#### YOUR TASK
The answer should hold only the lines from the one containing "2023 Topps Chrome" through the one containing "AI人工智能电影制作技巧及后" in the entries below, copied exactly, without pictures.

#### RAW DATA
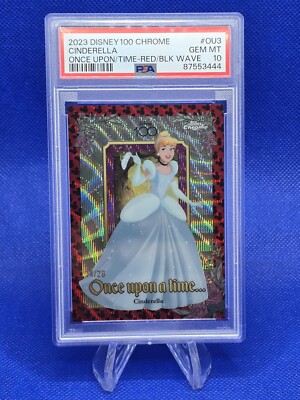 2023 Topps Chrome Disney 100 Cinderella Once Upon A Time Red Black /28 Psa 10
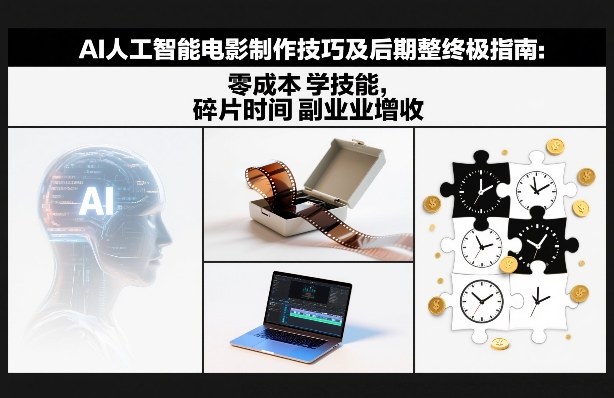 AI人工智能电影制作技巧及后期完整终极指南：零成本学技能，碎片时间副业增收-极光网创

* * *

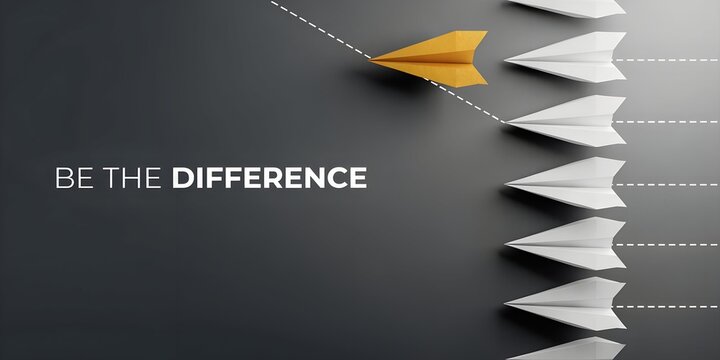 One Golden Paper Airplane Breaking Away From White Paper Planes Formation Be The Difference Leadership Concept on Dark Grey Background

#### SOLUTION FOR THIS PROBLEM
 2023 Topps Chrome Disney 100 Cinderella Once Upon A Time Red Black /28 Psa 10
 AI人工智能电影制作技巧及后期完整终极指南：零成本学技能，碎片时间副业增收-极光网创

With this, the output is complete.